• _Task instructions_
Using the data below, reproduce exactly the lines from the line with "5PC DELUXE FIREPLACE SET BRASS FINISH" to the line with "Rule 34 | 1girl, animal", both included; pictures must be dropped.

• _Dataset excerpts_
---------------
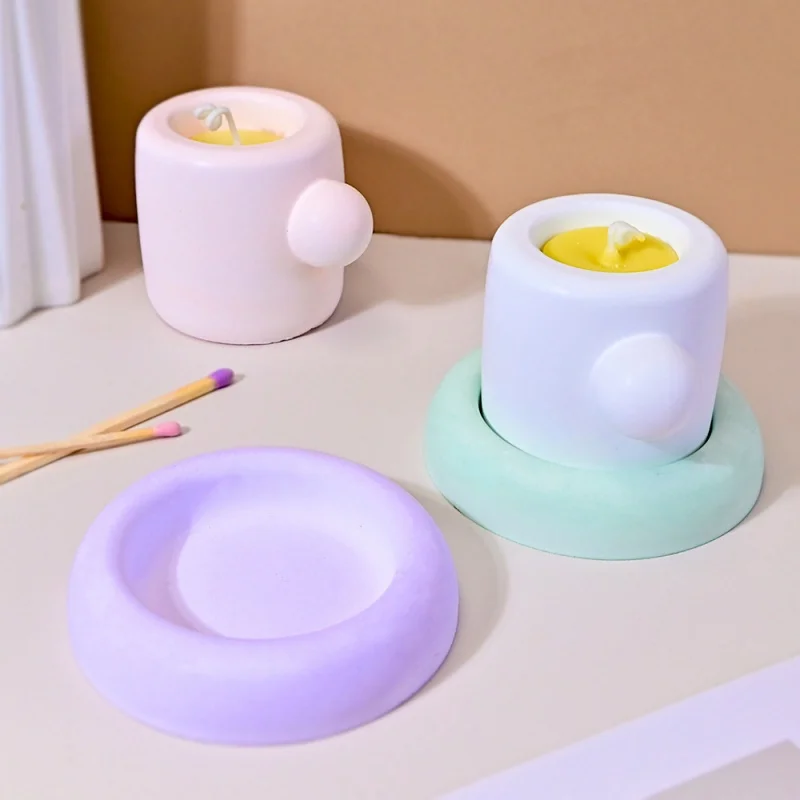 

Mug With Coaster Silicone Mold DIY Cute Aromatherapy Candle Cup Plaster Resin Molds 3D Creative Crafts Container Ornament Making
---------------
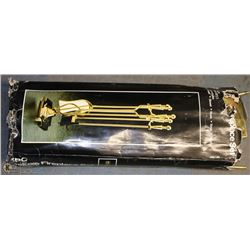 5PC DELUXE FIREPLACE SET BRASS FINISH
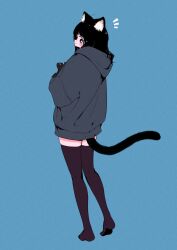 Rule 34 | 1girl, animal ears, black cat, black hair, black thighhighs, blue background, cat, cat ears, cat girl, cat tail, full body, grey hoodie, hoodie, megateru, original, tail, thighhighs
---------------
• _Solution_
 5PC DELUXE FIREPLACE SET BRASS FINISH
 Rule 34 | 1girl, animal ears, black cat, black hair, black thighhighs, blue background, cat, cat ears, cat girl, cat tail, full body, grey hoodie, hoodie, megateru, original, tail, thighhighs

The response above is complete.